Interestingly, this idea of an agile culture is not new.  Over 10 years ago the principles underlying agile from a software development perspective appear in the Agile Manifesto, published in 2001 by a small group of IT leaders.  Principles of:

  1. People (overlapping communities) Over Process
  2. Dynamics (configured for speed, working in short iterations) Over Documents
  3. Collaboration (less about owning and more about sharing) Over Cascading
  4. Leadership (to serve and enable) Over Management

As Agile practices developed over the years, these principles have been associated with a number of myths, or misconceptions, about the practice of agile based on people’s experiences. 

We can turn these myths around and use them to identify the right C-suite behaviors that will foster an agile culture.

 

Debunking agile myths and identifying the C-suite behaviors to drive an agile culture

  1. People over process does not mean a lack of discipline

There can be many innovative ideas for change, but leaders oversee the initiation of fewer initiatives because of their tremendous focus on each initiative.

Leaders clarify and reiterate the organizational context, as it changes, to provide a focused platform to manage the demand and desire for change. 

  1. Dynamics over documents does not mean anti-architecture

Leaders understand that change is a contact sport and needs to be managed.  Change also needs to be easy for people to access, if they are going to be optimistic, self-assured and dynamic in their contribution to achieving the future.

Leaders make long term investments in building resources which are accessible, skills that are transferable, processes which are repeatable and consistent.  Re-inventing the wheel is not rewarded, because it is the enemy of agility.

  1. Collaboration over Cascading does not mean consensus

Those who try to lead by consensus can quickly see decision-making and execution grind to a halt.  Agile leaders are crafting a different change leadership style that could get the benefit from a more hyperconnected environment.

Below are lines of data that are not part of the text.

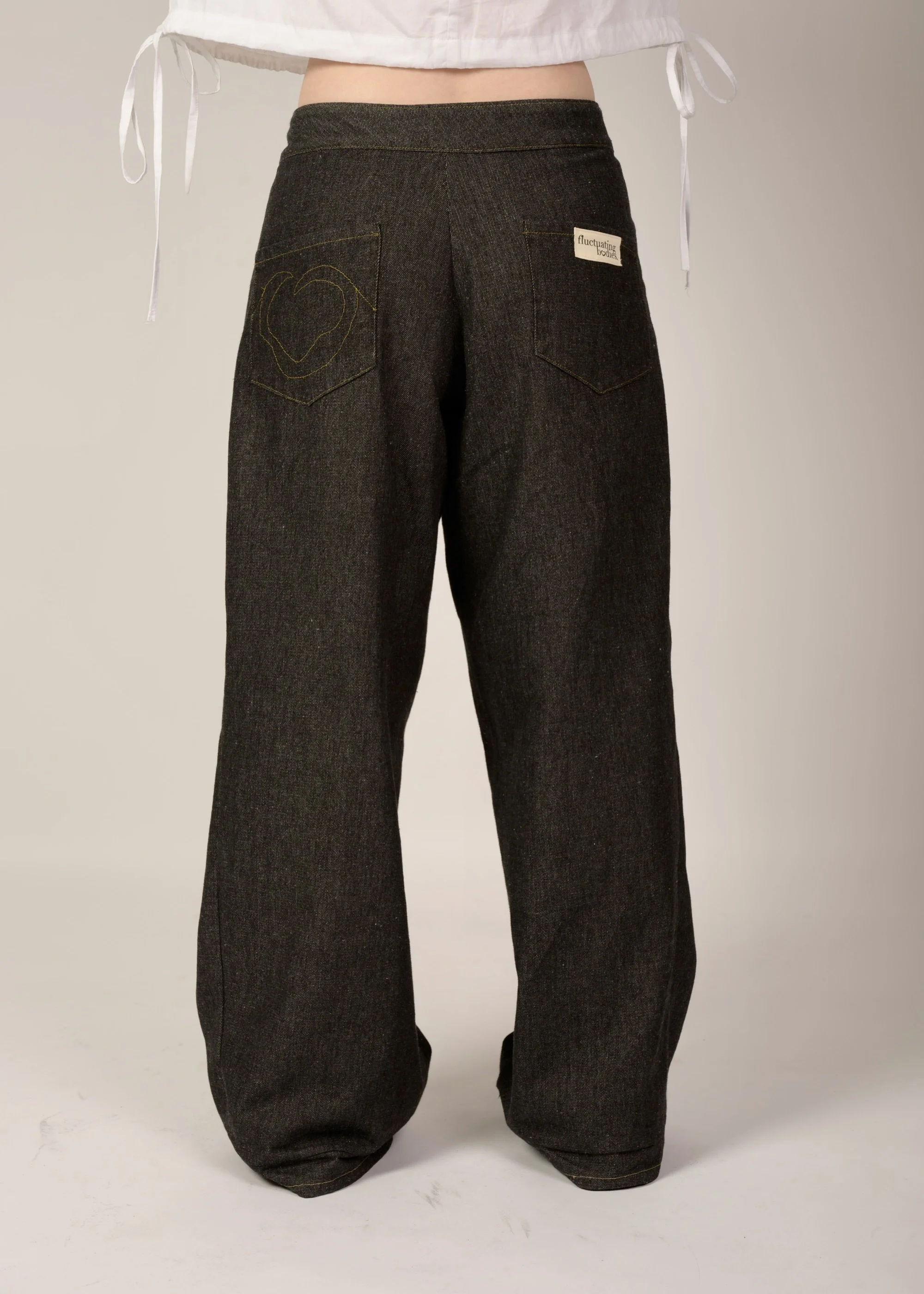 deni trousers achter.jpg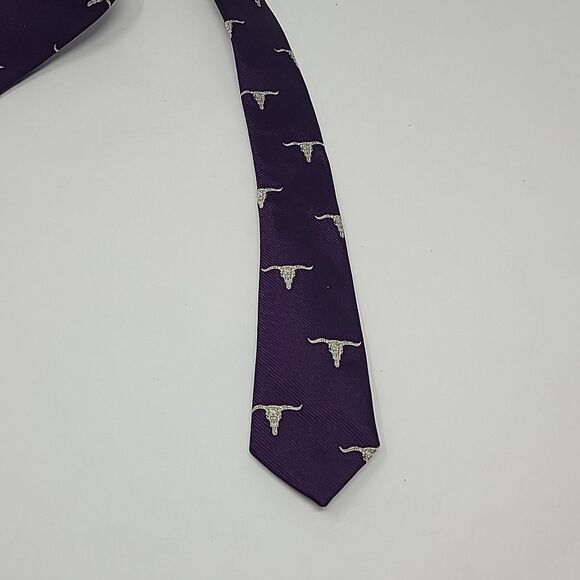 Psycho Bunny Purple Silk Tie Longhorn Steer Skull Print Vintage 100% Silk - Picture 4 of 6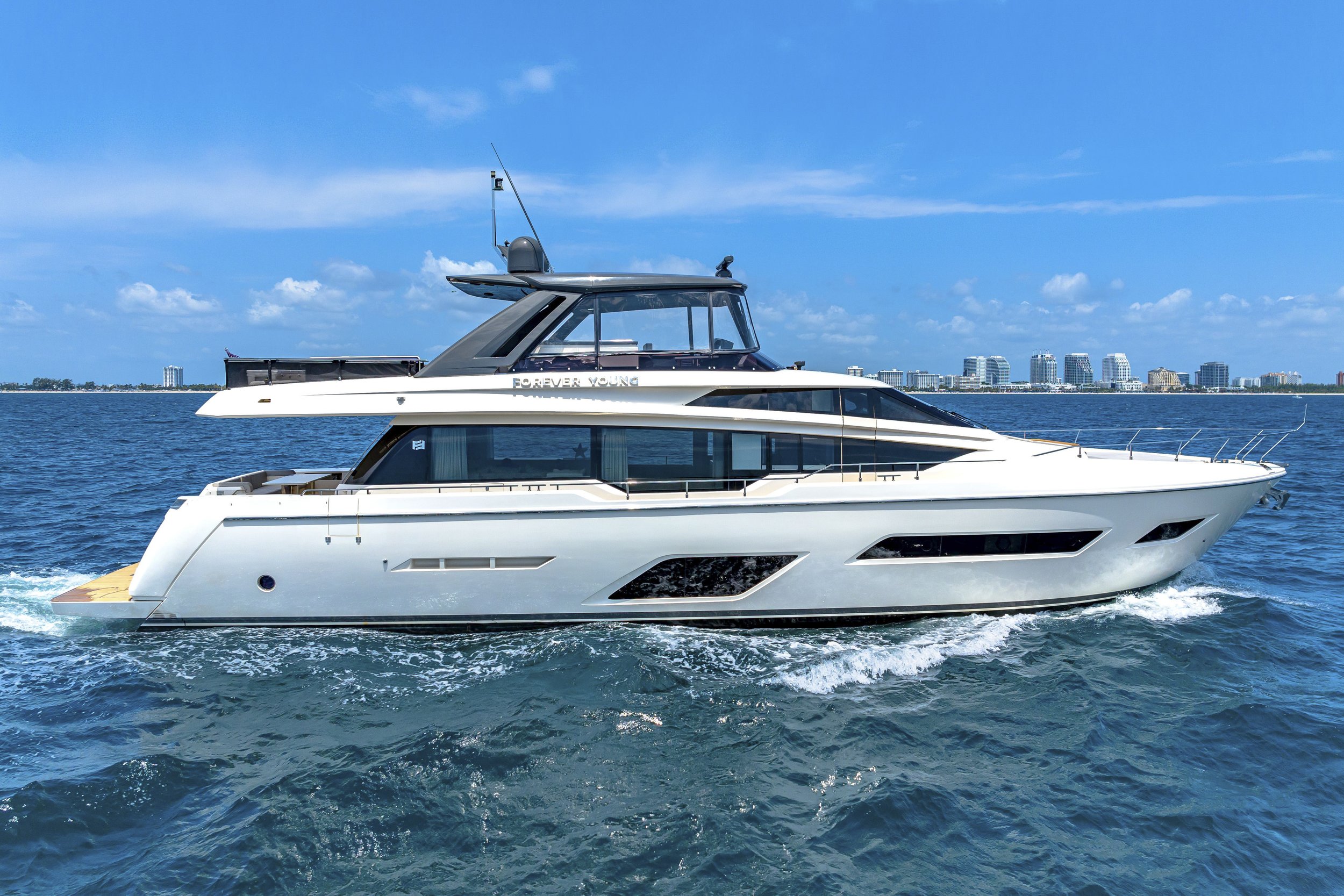 voyager-miami-yacht-for-purchase-2019–ferretti-78-forever-young-01.jpg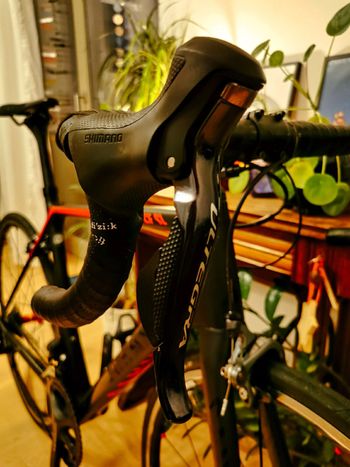 Used Canyon Ultimate CF SL 9.0 Di2 2017 2017 Road & Gravel, Schwarz — image 10 of 16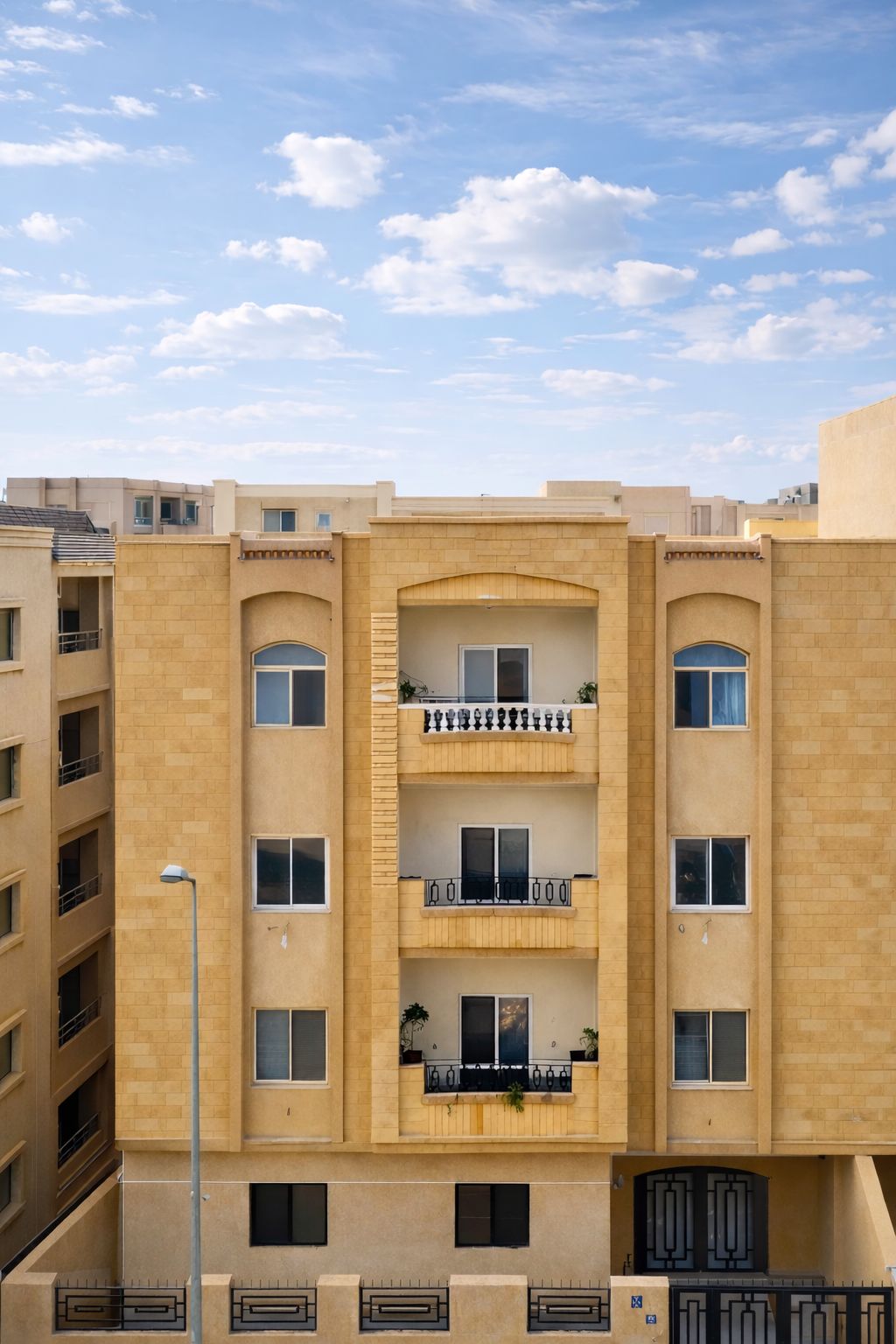 🔥 شقة 120م للبيع في الأندلس – التجمع الخامس | 2,350,000 جنيه 🔥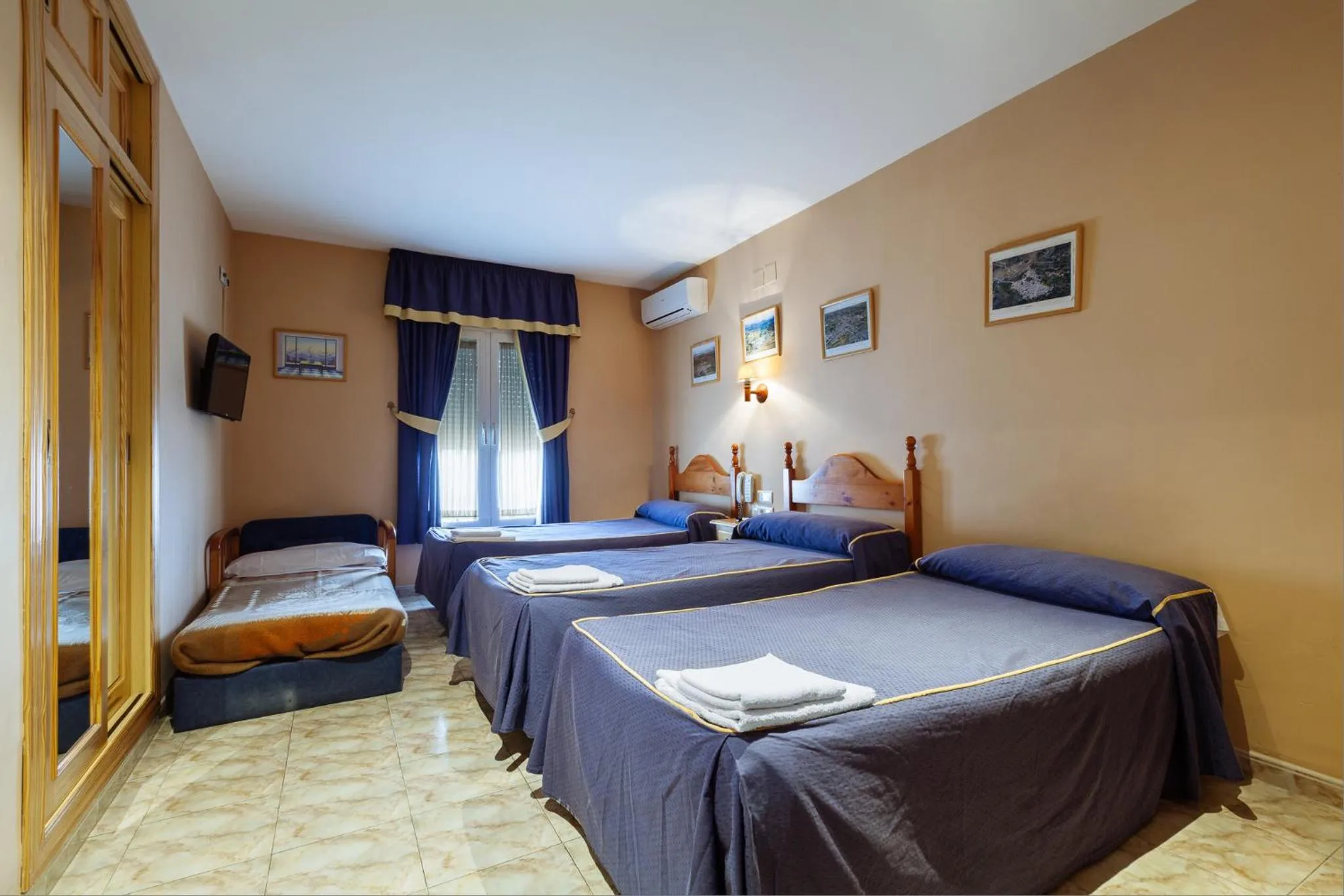 Photo of the whole room, Bed in Hotel Philadelfia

A few years ago Marc Benioff (CEO of Salesforce.com) showed how this could be done using social media.  Employees had already been using Chatter extensively and many of the people with critical connections to customer knowledge were adding the most value but were not even known to the leadership team.

Benioff was keen for leaders to craft a new leadership style that would loosen control but not lose control:

  • Leaders model collaboration themselves: valuing both learning and sharing goals (which encourage exploring opportunities to acquire knowledge from others), versus performance goals (which induce people to favor tasks that make them look good).
  • Attract and develop diverse talent: bring people together from different backgrounds, disciplines, cultures and generations; rather than attracting talented employees only to subject them to homogenizing processes that kill creativity.
  • Play the role of the connector: in his best-selling book The Tipping Point, Malcolm Gladwell used the term “connector” to describe individuals who have many ties to different social worlds. It is not the number of people they know that makes connectors significant.  It is their ability to link people, ideas, and resources that wouldn’t normally bump into one another.  Leaders are the critical facilitators of collaboration.
  • Balance strong and soft: maintaining agility by directing teams, forming and disbanding as opportunities come and go, AND coach and support their teams when people get weary and as implementation gets difficult. 
  1. Leadership over Management does not mean that developers get to do what they like

Instead, leaders should be delaying implementation through using small investments to fund small releases (MVPs) until the imperative for change is clearly understood and shared.

 

Being an agile company is more than just running a few projects with agile processes and practices.  Adopting agility is an organizational change.  Agility needs to be fostered and supported throughout the organization, and modeled by the top leaders.  An agile culture can be achieved when the C-suite embrace and driving agility throughout the organization, and model these behaviors.

And you are going to have to put in place a central change management tool to manage the entire process.